Monday, February 23, 2009

Somali Militia Release Kidnapped Italian Nuns

Sisters Maria Teresa Oliviero, 61, and Caterina Giruado, 67, abducted four months ago by Somalia-based militia have been released and were in good health at the Italian Embassy in Nairobi on Thursday afternoon.

The two Italian Catholic nuns were abducted from Elwak, Mandera in North Eastern Province by suspected Al Shabaab militia.

Details of their release are still sketchy but sources privy to the incident said their abductors had demanded that one of three suspected al Qaeda members arrested by Kenyan security forces at the height of the Ethiopian incursion into Somalia be released in return for the nuns.

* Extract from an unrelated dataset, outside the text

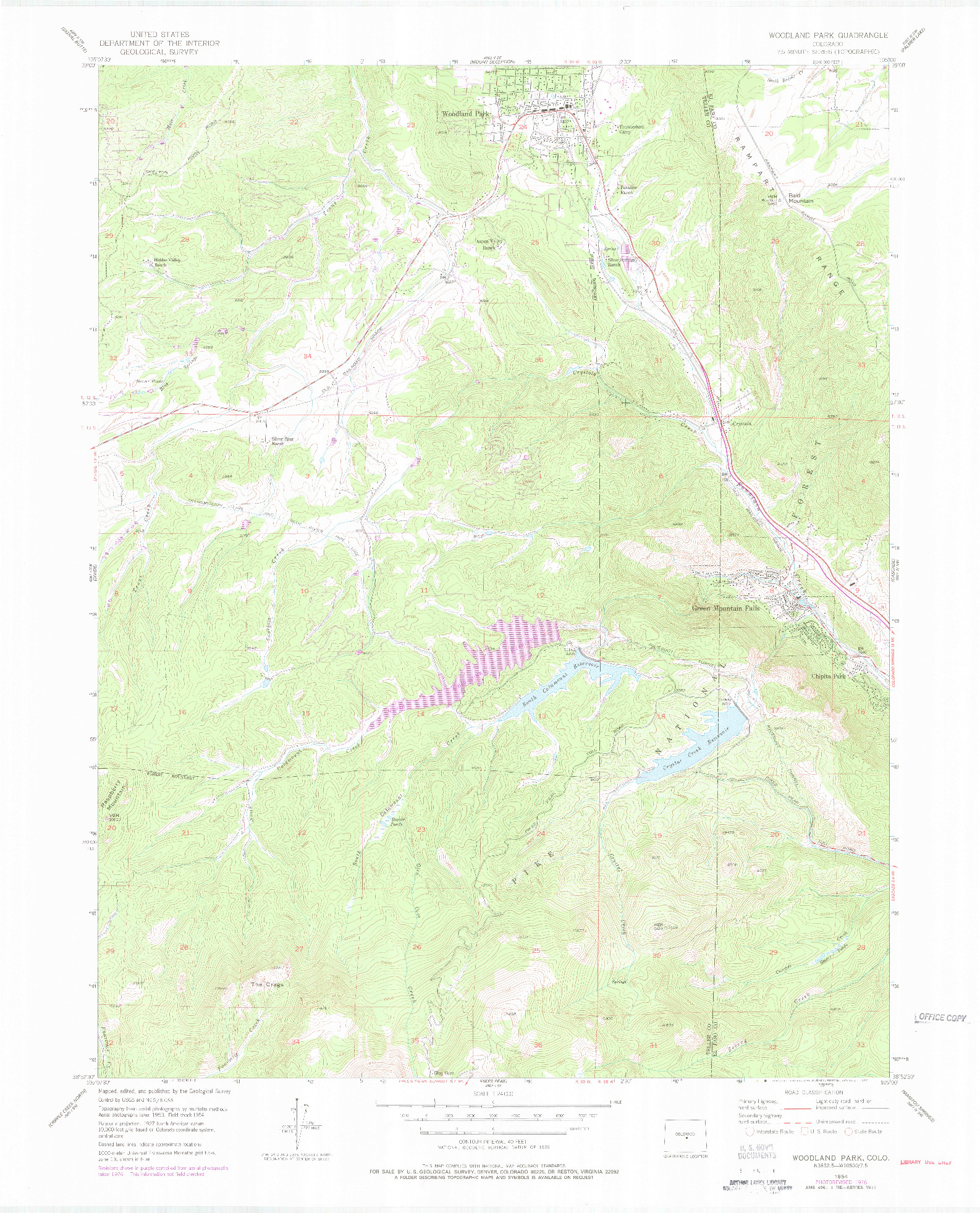 USGS 1:24000-SCALE QUADRANGLE FOR WOODLAND PARK, CO 1954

The abductors crossed into Kenya on the morning of November 9, 2008, fired grenades at the Elwak police post before attacking Elwak Catholic parish and kidnapping the nuns. The sisters had been working there since the 1970s.

Good health

The attackers also stormed Elwak guest house and Lala Salama lodge and robbed a magistrate of a laptop computer, wrist watch and cash. Two police officers lost their jungle uniforms in the raids.

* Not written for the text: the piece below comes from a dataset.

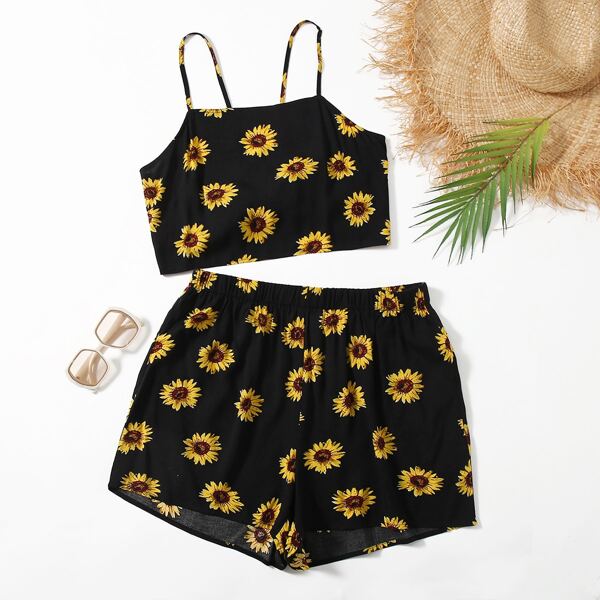

Plus Sunflower Tie Back Cami Top & Shorts, Multicolor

The abductors escaped in two government vehicles. Sister Gianna Benfatto of the Contemplative Missionary Movement of Father Charles de Foucauld in Nairobi confirmed the nuns' release.

Italian state television is reported by Associated Press to have interviewed one of the nuns by telephone, who confirmed that they were in good health.

Italian Prime Minister Silvio Berlusconi also said the nuns were in high spirits at the Italian embassy in Nairobi. The nuns, members of the Little Sisters of Jesus order, were initially reported to be seven kilometres from the border but were later moved to Mogadishu.